> TASK GOAL: Below are the records; output them exactly from the first line through the line with "Gewerbeimmobilie kaufen in", stopping there.

Brief descriptive captions

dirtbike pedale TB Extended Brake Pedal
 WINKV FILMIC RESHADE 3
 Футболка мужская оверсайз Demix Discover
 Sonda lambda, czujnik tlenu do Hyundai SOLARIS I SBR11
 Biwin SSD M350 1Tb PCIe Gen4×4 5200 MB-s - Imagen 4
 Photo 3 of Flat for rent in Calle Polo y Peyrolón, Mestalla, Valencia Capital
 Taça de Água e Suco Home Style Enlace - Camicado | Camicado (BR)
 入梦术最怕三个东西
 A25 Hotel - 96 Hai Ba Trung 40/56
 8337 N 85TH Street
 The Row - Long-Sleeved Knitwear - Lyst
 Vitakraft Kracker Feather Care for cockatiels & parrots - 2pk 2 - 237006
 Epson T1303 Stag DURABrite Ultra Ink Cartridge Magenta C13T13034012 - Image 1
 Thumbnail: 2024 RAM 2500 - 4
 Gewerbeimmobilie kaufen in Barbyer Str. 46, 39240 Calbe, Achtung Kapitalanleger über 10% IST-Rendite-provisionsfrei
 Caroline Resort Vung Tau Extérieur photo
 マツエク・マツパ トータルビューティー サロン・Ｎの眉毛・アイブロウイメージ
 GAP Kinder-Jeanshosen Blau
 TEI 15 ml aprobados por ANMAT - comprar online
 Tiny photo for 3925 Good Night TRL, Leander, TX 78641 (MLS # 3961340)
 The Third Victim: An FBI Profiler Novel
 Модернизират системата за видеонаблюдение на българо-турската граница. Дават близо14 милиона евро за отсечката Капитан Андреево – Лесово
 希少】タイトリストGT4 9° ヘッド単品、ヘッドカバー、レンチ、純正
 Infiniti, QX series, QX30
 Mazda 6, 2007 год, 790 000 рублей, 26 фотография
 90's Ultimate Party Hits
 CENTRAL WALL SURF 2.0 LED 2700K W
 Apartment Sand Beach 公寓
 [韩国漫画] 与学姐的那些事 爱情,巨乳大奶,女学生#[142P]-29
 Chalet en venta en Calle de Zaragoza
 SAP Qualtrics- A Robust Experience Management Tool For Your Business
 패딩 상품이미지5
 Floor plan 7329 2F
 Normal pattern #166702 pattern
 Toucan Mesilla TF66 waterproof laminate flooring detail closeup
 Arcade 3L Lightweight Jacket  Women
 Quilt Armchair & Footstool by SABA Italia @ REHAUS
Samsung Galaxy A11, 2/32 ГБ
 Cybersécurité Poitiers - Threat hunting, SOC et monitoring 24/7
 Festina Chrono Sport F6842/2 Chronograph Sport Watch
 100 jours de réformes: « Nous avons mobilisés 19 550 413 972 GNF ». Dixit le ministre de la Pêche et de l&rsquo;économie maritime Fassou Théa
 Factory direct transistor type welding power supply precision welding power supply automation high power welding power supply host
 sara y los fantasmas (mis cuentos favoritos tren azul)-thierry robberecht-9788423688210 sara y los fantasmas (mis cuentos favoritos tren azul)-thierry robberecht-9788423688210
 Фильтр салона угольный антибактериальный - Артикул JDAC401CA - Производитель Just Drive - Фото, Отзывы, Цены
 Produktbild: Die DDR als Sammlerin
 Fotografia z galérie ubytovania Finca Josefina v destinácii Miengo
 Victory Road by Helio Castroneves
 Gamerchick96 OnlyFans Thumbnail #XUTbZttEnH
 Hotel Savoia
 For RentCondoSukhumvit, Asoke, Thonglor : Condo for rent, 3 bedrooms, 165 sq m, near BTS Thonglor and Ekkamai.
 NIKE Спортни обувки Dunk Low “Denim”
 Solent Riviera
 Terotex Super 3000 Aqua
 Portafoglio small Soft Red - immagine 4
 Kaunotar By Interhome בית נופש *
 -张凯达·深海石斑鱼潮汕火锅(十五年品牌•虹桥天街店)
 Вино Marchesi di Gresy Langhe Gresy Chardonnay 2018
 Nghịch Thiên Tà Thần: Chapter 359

> WRITTEN SOLUTION:
dirtbike pedale TB Extended Brake Pedal
 WINKV FILMIC RESHADE 3
 Футболка мужская оверсайз Demix Discover
 Sonda lambda, czujnik tlenu do Hyundai SOLARIS I SBR11
 Biwin SSD M350 1Tb PCIe Gen4×4 5200 MB-s - Imagen 4
 Photo 3 of Flat for rent in Calle Polo y Peyrolón, Mestalla, Valencia Capital
 Taça de Água e Suco Home Style Enlace - Camicado | Camicado (BR)
 入梦术最怕三个东西
 A25 Hotel - 96 Hai Ba Trung 40/56
 8337 N 85TH Street
 The Row - Long-Sleeved Knitwear - Lyst
 Vitakraft Kracker Feather Care for cockatiels & parrots - 2pk 2 - 237006
 Epson T1303 Stag DURABrite Ultra Ink Cartridge Magenta C13T13034012 - Image 1
 Thumbnail: 2024 RAM 2500 - 4
 Gewerbeimmobilie kaufen in Barbyer Str. 46, 39240 Calbe, Achtung Kapitalanleger über 10% IST-Rendite-provisionsfrei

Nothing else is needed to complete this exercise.